Obviously, there are limits to how many pay bonuses you can give out and if it’s direct money or store credits.
Directly asking for a peer bonus’ is not very “googly” (and yes, this is a term they use- in case you needed evidence of Google being a bit cultish).
There are companies who help do this “as a service”; https://bonusly.com/
It never ceases to amaze me how (early) big tech embraced and even promoted things that would have been considered "career limiting" in traditional big corporations.
Since that process is invisible to those being measured you never know details (and shouldn't as long as management is sane, and if isn't this the least of your concerns), but its not ignored and in this way it helps keeping people motivated to generally do good work.
How so?
To prevent obvious abuse, you need to provide a rationale, the receiver's manager must approve and there's a limit to how many you can dish out per quarter.
It is a social engineering technique to exploit more work without increasing wages. Just like "Employee of the Month" or a "Pizza Party."
Company I work for does this with gift cards as rewards. I was reprimanded because I sent an email to HR that this " gift" is as useful as a wet rage in the rain. I don't eat at restaurants that are franchises or have a ticker on Wall Street. Prefer local brick and mortar over Walmart and will never financial support Amazon.
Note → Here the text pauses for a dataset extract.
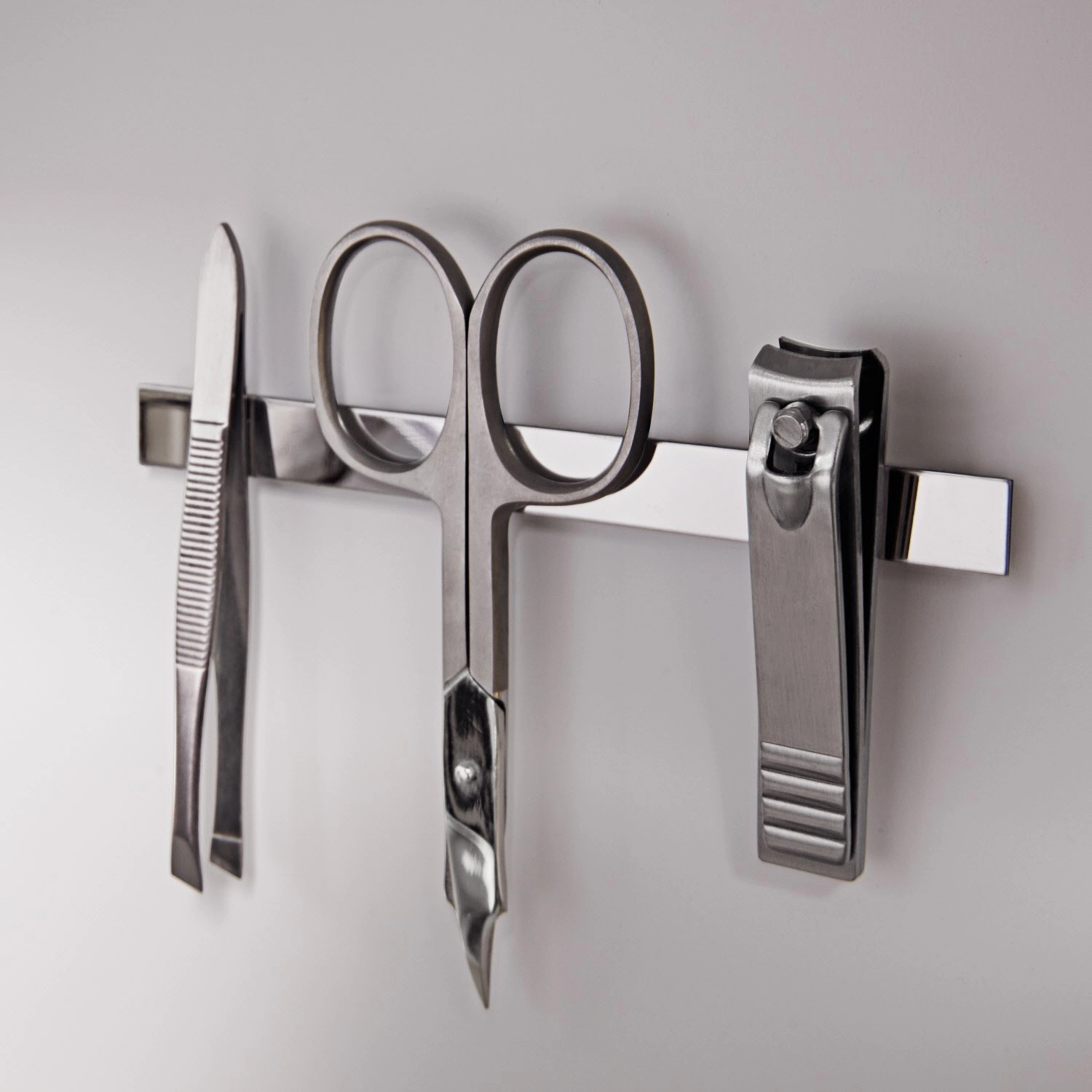Villeroy & Boch Spiegelschrank Zubehör: Pinzette, Schere und Nagelknipser an Magnetleiste.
If you want to truly honor my accomplishments, give me a raise or more PTO. Anything else is futile. That gift card to Walmart has 0 value towards a quality purchase like a RADAR or LiDAR development kit to learn more or such.
It technically requires manager approval but it's kind of a faux pas for a manager to deny one unless it's a duplicate.
Obviously there are other professions that share some of these characteristics, like sales. Or if you narrow down a goal or task to "save us money".
Funny way to spell "unpaid extra work".